> PROBLEM STATEMENT
The records below must be written out exactly, with every picture left behind.

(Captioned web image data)
━━━

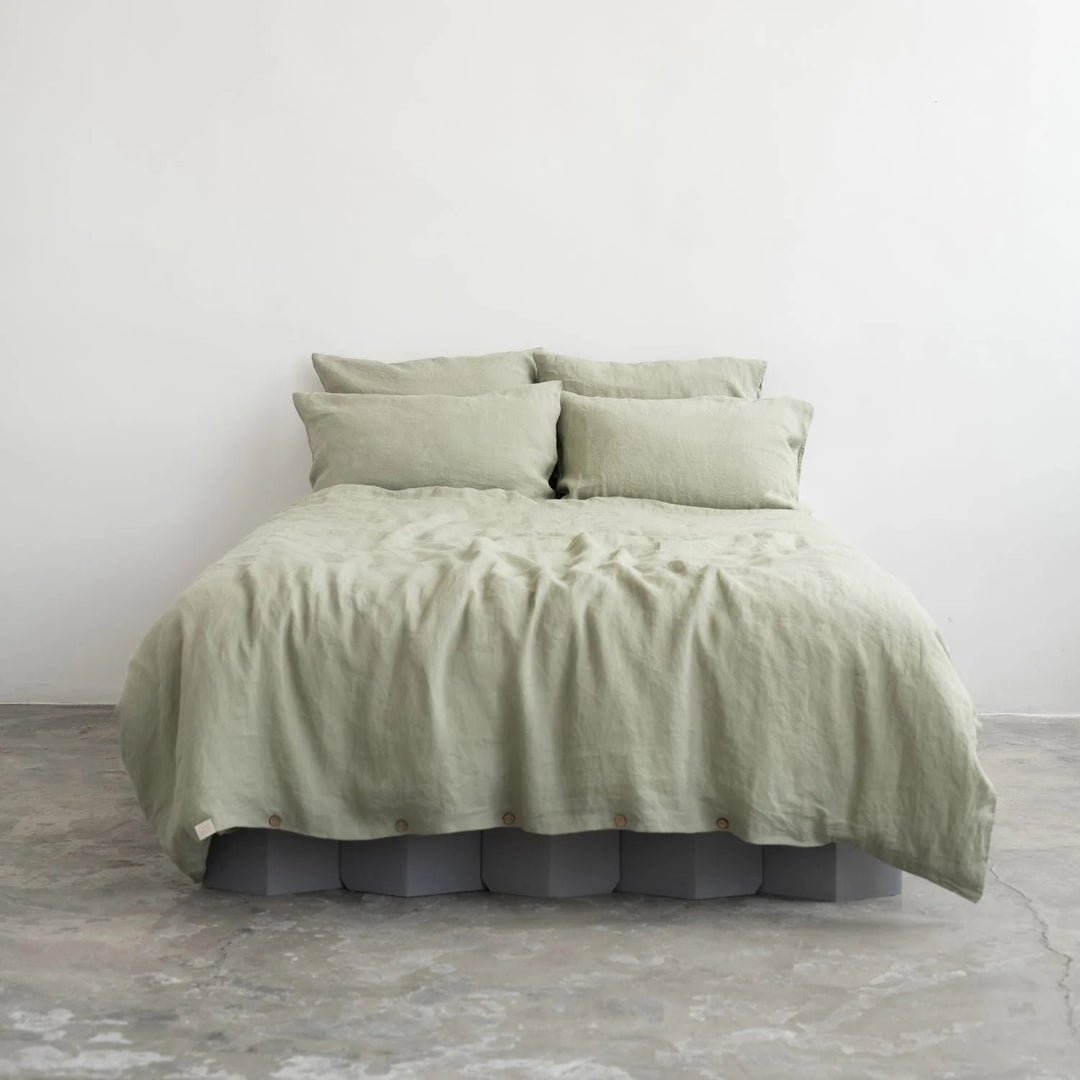 Sage Linen Duvet Cover Set, 200x200 cm, Linen Tales
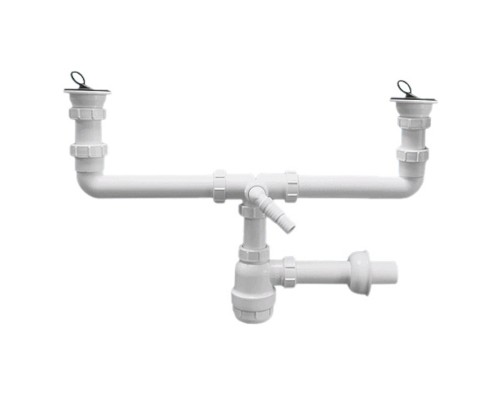 Сифон бутылочный для 2-х раковин с выпусками ( 1 1/2х40мм, D70мм нержавейка сливные решётки), пробк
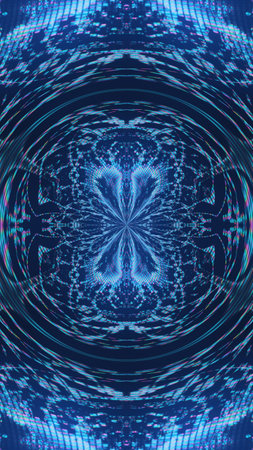 Futuristic glitch. Digital mosaic. Electronic mandala. Luminous blue pink color glow pixel texture artifacts circle pattern abstract art illustration background.の写真素材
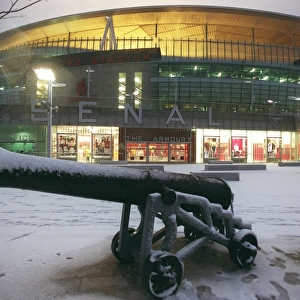 Winter's Magic: Arsenal's Emirates Stadium Transformed in Snow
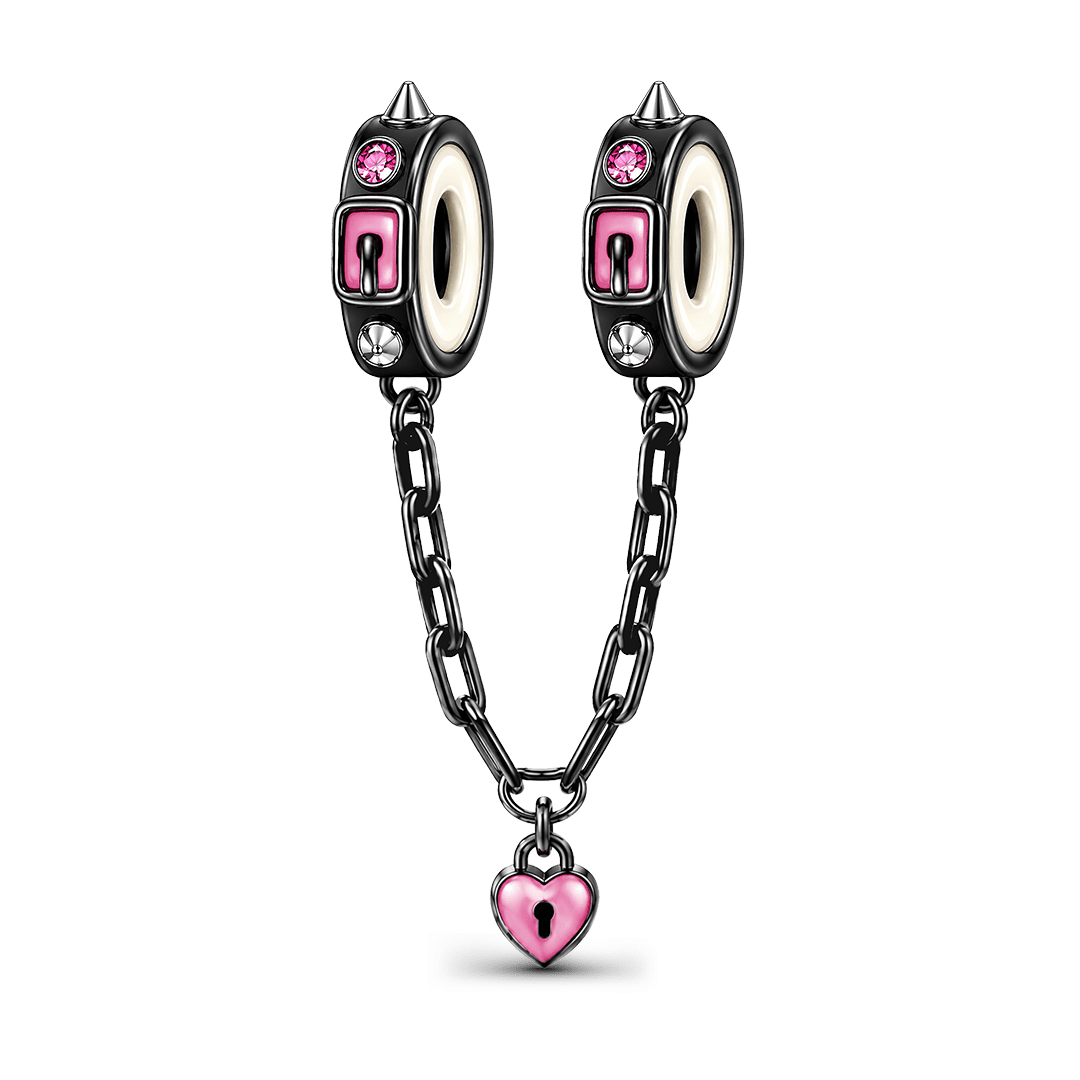 Gnoce Pink Punk Belt Lock Safety Chain Bead Black Gold-plated Silver Blend_5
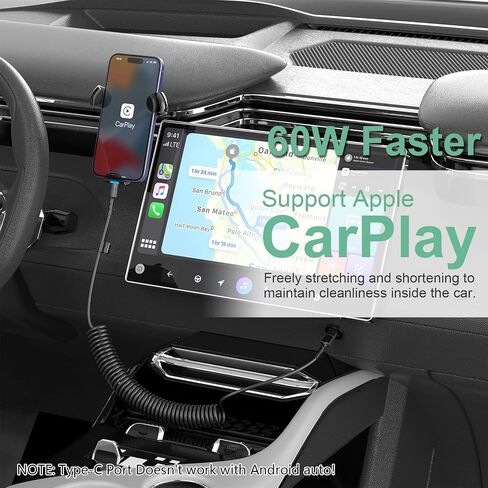 2Pack CarPlay USB-C to Lightning iPhone USB Coiled Charger Cable for Car,4Ft Apple Short Charging Cord Sync Data Retractable Charger Connector for iPhone14/13/12/11 SE/Xr/iPad[MFi Certified]-Black in Kuwait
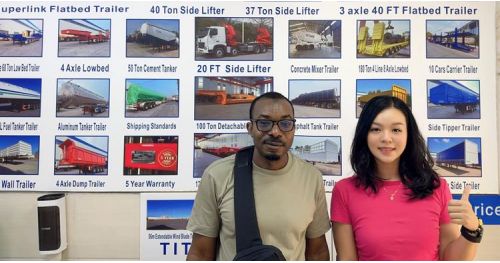Customer from Angola Visit TITAN to Buy Tri Axle Low Bed Trailer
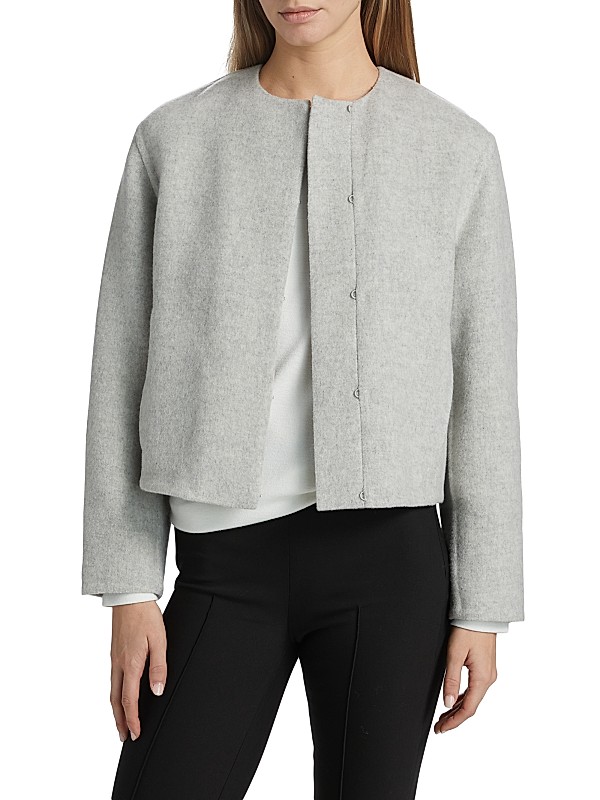 Vince Double Wool Collarless Jacket | Saks Fifth Avenue
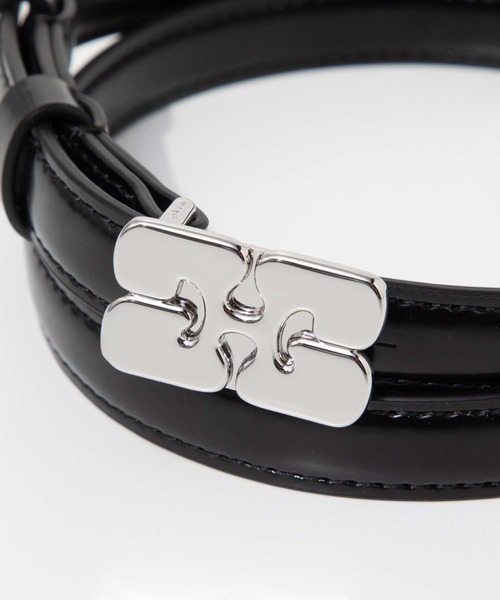 【nana】GANNIベルト GANNI（ガニー） ベルト GANNI Kat Belt Small Patent カット スモール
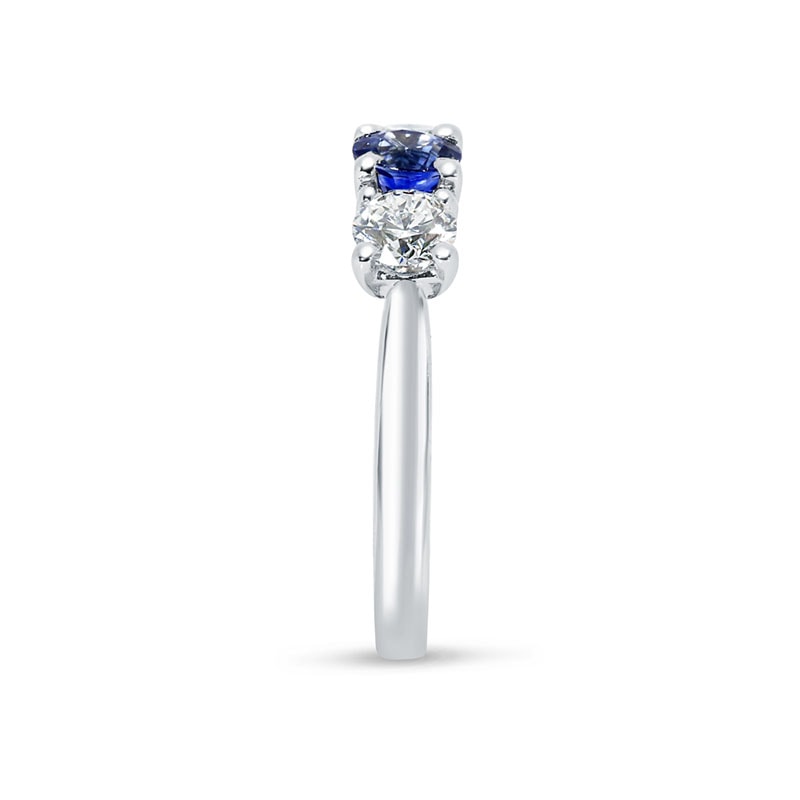 Blue Sapphires And Diamond Trilogy Engagement Ring view 3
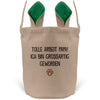 22Feels® Hundepapa Herrchen Hunde Osterkorb mit Henkel Ostergeschenk Tragetasche Ostern Deko Osternest Körbchen Hasenohren (Beige/Grün)-Ostern Tragetasche-22Feels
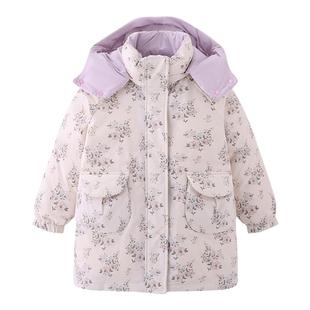 【活面三防】象老大儿童羽绒服2025新款女中小童中长款冬装外套厚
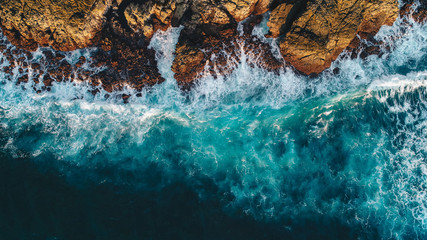 crashing water on the rocks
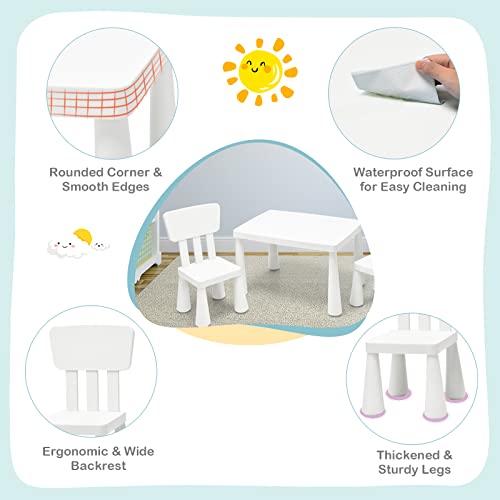 Costway 3-Piece Kids Table And Chairs Set, Lightweight Plastic Children Activity Center For Reading, Writing, Painting, Snack Time, Kids Furniture Art Study Desk & Chairs Set For Ages 1-7 (White) #TOP3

━━━

> TASK RESULT
 Sage Linen Duvet Cover Set, 200x200 cm, Linen Tales
 Сифон бутылочный для 2-х раковин с выпусками ( 1 1/2х40мм, D70мм нержавейка сливные решётки), пробк
 Futuristic glitch. Digital mosaic. Electronic mandala. Luminous blue pink color glow pixel texture artifacts circle pattern abstract art illustration background.の写真素材
 Winter's Magic: Arsenal's Emirates Stadium Transformed in Snow
 Gnoce Pink Punk Belt Lock Safety Chain Bead Black Gold-plated Silver Blend_5
 2Pack CarPlay USB-C to Lightning iPhone USB Coiled Charger Cable for Car,4Ft Apple Short Charging Cord Sync Data Retractable Charger Connector for iPhone14/13/12/11 SE/Xr/iPad[MFi Certified]-Black in Kuwait
Customer from Angola Visit TITAN to Buy Tri Axle Low Bed Trailer
 Vince Double Wool Collarless Jacket | Saks Fifth Avenue
 【nana】GANNIベルト GANNI（ガニー） ベルト GANNI Kat Belt Small Patent カット スモール
 Blue Sapphires And Diamond Trilogy Engagement Ring view 3
 22Feels® Hundepapa Herrchen Hunde Osterkorb mit Henkel Ostergeschenk Tragetasche Ostern Deko Osternest Körbchen Hasenohren (Beige/Grün)-Ostern Tragetasche-22Feels
 【活面三防】象老大儿童羽绒服2025新款女中小童中长款冬装外套厚
 crashing water on the rocks
 Costway 3-Piece Kids Table And Chairs Set, Lightweight Plastic Children Activity Center For Reading, Writing, Painting, Snack Time, Kids Furniture Art Study Desk & Chairs Set For Ages 1-7 (White) #TOP3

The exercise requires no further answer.